The WAL writer captures row-level changes via PostgreSQL logical replication and stages them to S3 + the _pg2iceberg.log_index table. The materializer reads from that staging layer and writes Iceberg data files via the catalog.

run dispatches on source.mode in the YAML — logical (default) drives the CDC pipeline; query drives the watermark-poll pipeline.

stream-only + materializer-only — distributed

One process owns the replication slot; N worker processes claim a deterministic round-robin slice of tables.

WAL writer (one instance only — Postgres allows one consumer per slot):

pg2iceberg stream-only --config config.yaml

Materializer workers (one or more, each with a process-unique id):

pg2iceberg materializer-only --config config.yaml --worker-id worker-a
pg2iceberg materializer-only --config config.yaml --worker-id worker-b
┌──────────────────┐     ┌──────────────────────┐
│  stream-only     │     │ materializer-only A  │
│                  │──►  ├──────────────────────┤
│                  │     │ materializer-only B  │
└──────────────────┘     └──────────────────────┘
         │                          │
   `_pg2iceberg`              Iceberg catalog
   coordinator

Each worker registers a heartbeat in _pg2iceberg.consumer keyed by state.group and --worker-id.

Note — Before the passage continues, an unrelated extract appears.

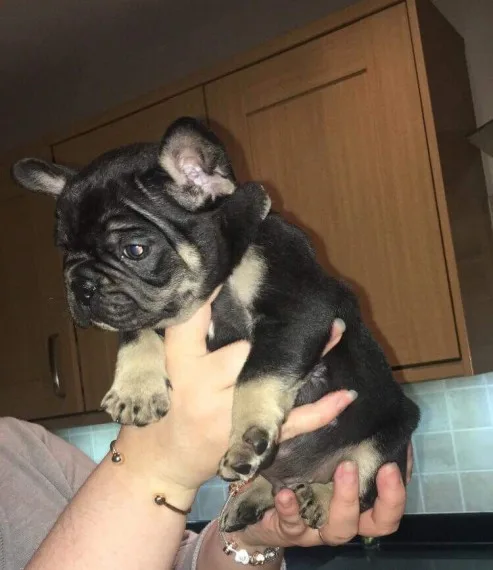 Frenchbulldog puppies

On every cycle, every worker reads the active-worker list and computes the same deterministic assignment (sorted tables → sorted workers → [i % N]). Adding or removing a worker rebalances on the next cycle automatically; no leader election.

Note

All workers must share the same state.group (default default) and the same configured table list. Different --worker-id per process is mandatory — duplicates trample each other's heartbeat row and produce undefined assignment.

snapshot — one-shot initial snapshot

Runs the initial snapshot phase for every configured table and exits. Auto-creates the replication slot first so a later run doesn't lose WAL between snapshot completion and CDC start.

pg2iceberg snapshot --config config.yaml

If every configured table is already marked complete in _pg2iceberg.tables, the command prints OK: snapshot already complete and exits without touching PG or the catalog.

compact — one-shot compaction pass

Runs a single compaction pass across every configured table, then exits. Designed for cron / Kubernetes CronJob deployments that want compaction on a slower cadence than the materializer.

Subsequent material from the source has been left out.